Besides, does the most serious human being always win [bold mine-DL]? Did Al Gore? Did John Kerry? Sarah Palin has something more than intellect. She has the ability to understand, connect with and energize her party. And considering her likely opposition — Romney, Gingrich, Tim Pawlenty, Bobby Jindal, Mike Huckabee or Haley Barbour — tell […]

Besides, does the most serious human being always win [bold mine-DL]? Did Al Gore? Did John Kerry?

Sarah Palin has something more than intellect. She has the ability to understand, connect with and energize her party.

And considering her likely opposition — Romney, Gingrich, Tim Pawlenty, Bobby Jindal, Mike Huckabee or Haley Barbour — tell me she has no chance. Go ahead and tell me. It’s enough to make one snicker. ~Roger Simon

It’s risky to make absolute statements about anything, and it’s even more perilous to make them about the possible outcome of a nomination contest that still won’t start for another 16 months, but I am fairly confident when I say that Palin has no chance of winning. There, I’ve told him.

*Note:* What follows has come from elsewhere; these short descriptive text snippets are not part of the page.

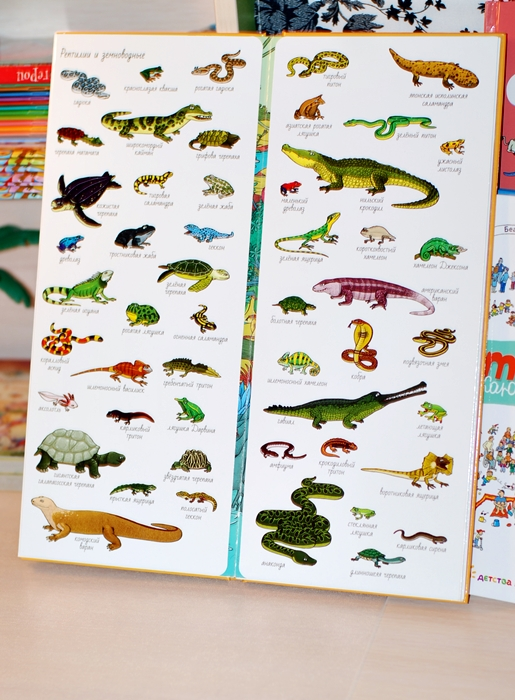 Обзор наших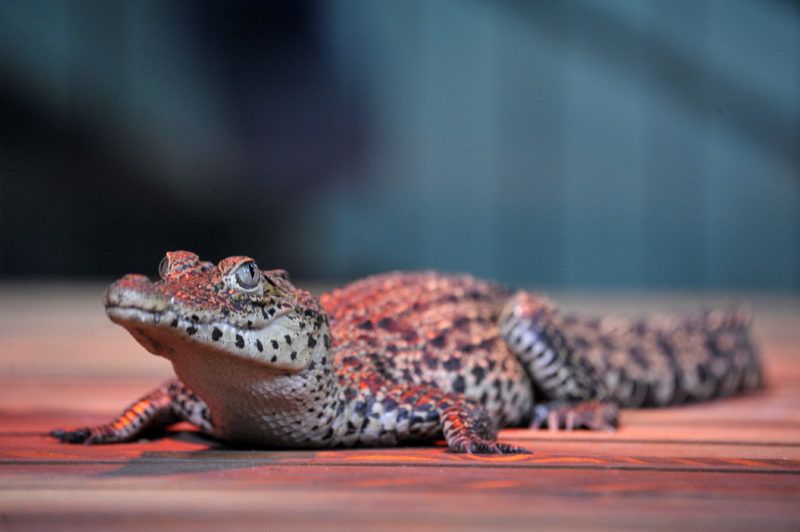 Budapest, 2019. augusztus 16. A Dániából érkezett öt rombuszkrokodil (Crocodylus rhombifer), más néven kubai vagy gyémántkrokodil egyike a Fõvárosi Állat- és Növénykertben 2019. augusztus 16-án. Az öt állat még nagyon fiatal, ezért hosszuk alig haladja meg a fél métert, de idõvel két méternél is nagyobbra nõnek majd. A rombuszkrokodil Kritikusan veszélyeztetett faj. MTI/Kovács Attila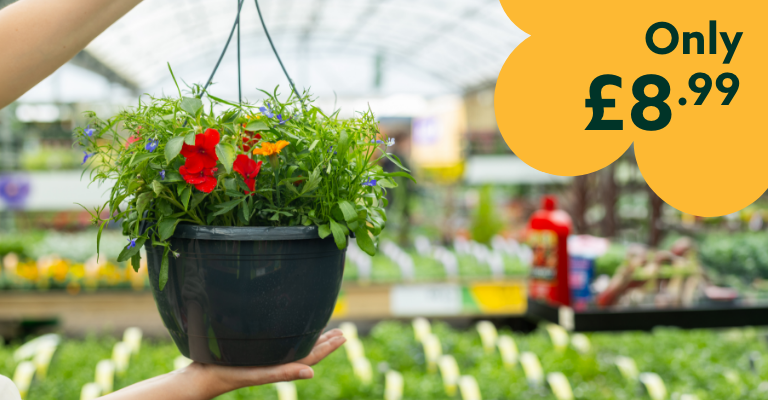 Only £8.99 Hanging Pot Mixed Bedding 27cm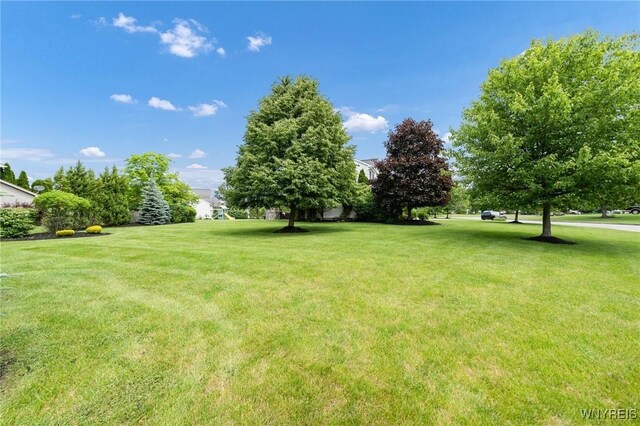 9332 Sitka Spruce Ct, Clarence, NY 14032 - photo 50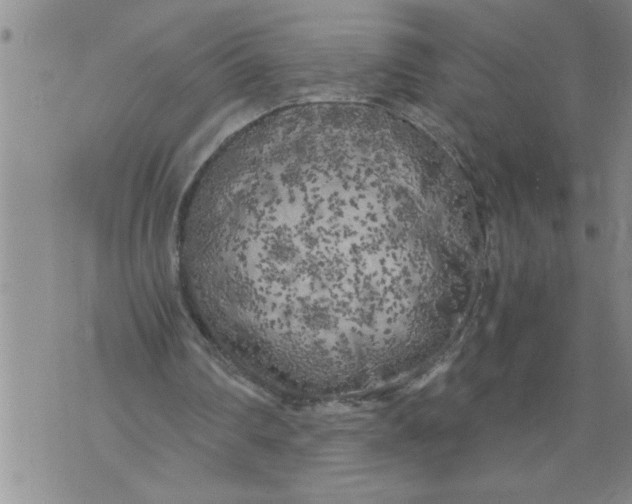 X0000076090290200610152325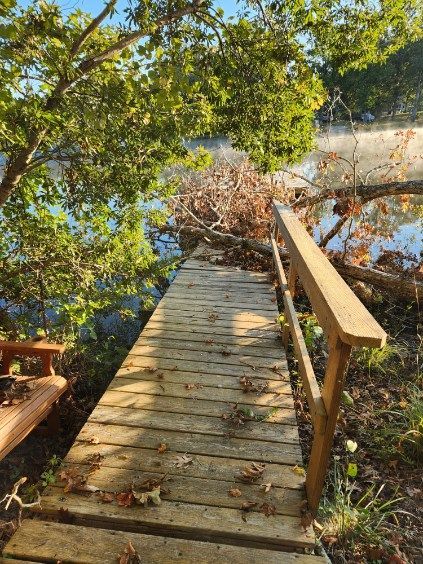 removing fallen trees from storms chapin sc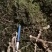 东北林下参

I’ve gone over the reasons why she has no chance in as many ways as I can. There are structural reasons (the GOP does not reward insurgents and favors establishment-backed candidates) and organizational reasons (her organization remains minimal and insufficient). Her unpopularity with non-Republicans is enough to give even her most enthusiastic admirers pause, and many of her admirers don’t think she is qualified for the office. As I was suggesting recently, there is probably a higher bar to nominating a woman for President in the GOP than in the Democratic Party, and there would probably be resistance to using a presidential nomination for the sake of achieving a symbolic “first” by choosing a woman. On this point, I would add one more observation: Republicans have an excessive, some might say absurd, admiration for the office of the Presidency, and they are especially enamored of executive power in wartime, and nominating Palin for that office simply goes against too many of their presidential-cultist and militarist instincts that not even Palin’s own militarism will be enough to compensate.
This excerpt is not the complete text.